The record shows that Holdco, a holding company for various businesses and real estate holdings in Georgia, is wholly owned by Rudolf Walther, a German citizen with business interests throughout the world.   In 1996, Walther hired Alan Johnson to handle all his interests in America.   Johnson was titled executive vice president of Holdco, but essentially he performed all functions usually performed by the president and CEO of a corporation.   In 1996, Johnson retained ADT to handle several legal matters, including a merger of companies and the formation of Holdco.   ADT handled the transfer of Walther's shares in Holdco to Rudolf Walther Holding AG (the AG company), a German holding company governed by a three-member board of directors consisting of Karl Frank, Walter Schneider, and Werner Falke.   The board of directors in turn was supervised by a multimember supervisory board, over which Walther presided.   Late in 1996, Johnson also hired MST to perform accounting and tax services for Holdco on an as-needed basis.

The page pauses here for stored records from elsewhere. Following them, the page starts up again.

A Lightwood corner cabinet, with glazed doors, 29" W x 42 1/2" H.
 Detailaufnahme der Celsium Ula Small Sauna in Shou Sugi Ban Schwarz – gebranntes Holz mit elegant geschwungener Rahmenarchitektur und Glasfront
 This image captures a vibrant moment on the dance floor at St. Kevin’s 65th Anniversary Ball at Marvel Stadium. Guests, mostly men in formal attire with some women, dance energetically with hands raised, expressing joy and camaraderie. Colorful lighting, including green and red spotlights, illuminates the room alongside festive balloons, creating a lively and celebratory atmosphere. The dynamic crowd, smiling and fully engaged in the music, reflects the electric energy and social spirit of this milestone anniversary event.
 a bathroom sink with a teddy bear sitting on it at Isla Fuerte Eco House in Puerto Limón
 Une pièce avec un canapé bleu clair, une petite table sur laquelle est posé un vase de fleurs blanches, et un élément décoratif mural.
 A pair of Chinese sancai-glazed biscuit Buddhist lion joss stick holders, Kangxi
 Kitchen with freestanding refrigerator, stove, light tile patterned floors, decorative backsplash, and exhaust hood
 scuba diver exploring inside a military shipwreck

Over approximately the next two years, at Walther's direction, all communication between Holdco and ADT was through Johnson.   Similarly, other than an initial meeting with Johnson and his German supervisor, Frank, all contact between Holdco and MST was through Johnson.   It is undisputed that Walther never actively participated in Holdco's business affairs.   Walther testified that he could not be bothered with the operations of his companies;  he left operations to his managers and never “checked up” on them.   He also testified that Frank was the only one in his organization who supervised Johnson.

Some time in 1997, Johnson informed ADT that Holdco was experiencing financial problems and that Walther's companies worldwide owed a substantial amount to both U.S. and German taxing authorities.   In the spring of 1998, Johnson met with ADT and a bankruptcy law firm to discuss the possibility of placing Holdco into receivership.   Johnson also spoke to Hayes at MST regarding Walther's cash flow problems.   At Johnson's request, Hayes approached several banks about the possibility of loans against some Walther properties in Georgia, but the banks were not willing to extend even secured loans to Holdco.

In the spring of 1998, ADT drafted consent minutes reflecting a proposed receivership.   These consent minutes were revised at Johnson's office and sent to Germany, where they were signed and returned to Johnson.   ADT did not contact Walther about this transaction or any subsequent transaction.   Walther did not expect or require ADT to verify his signature.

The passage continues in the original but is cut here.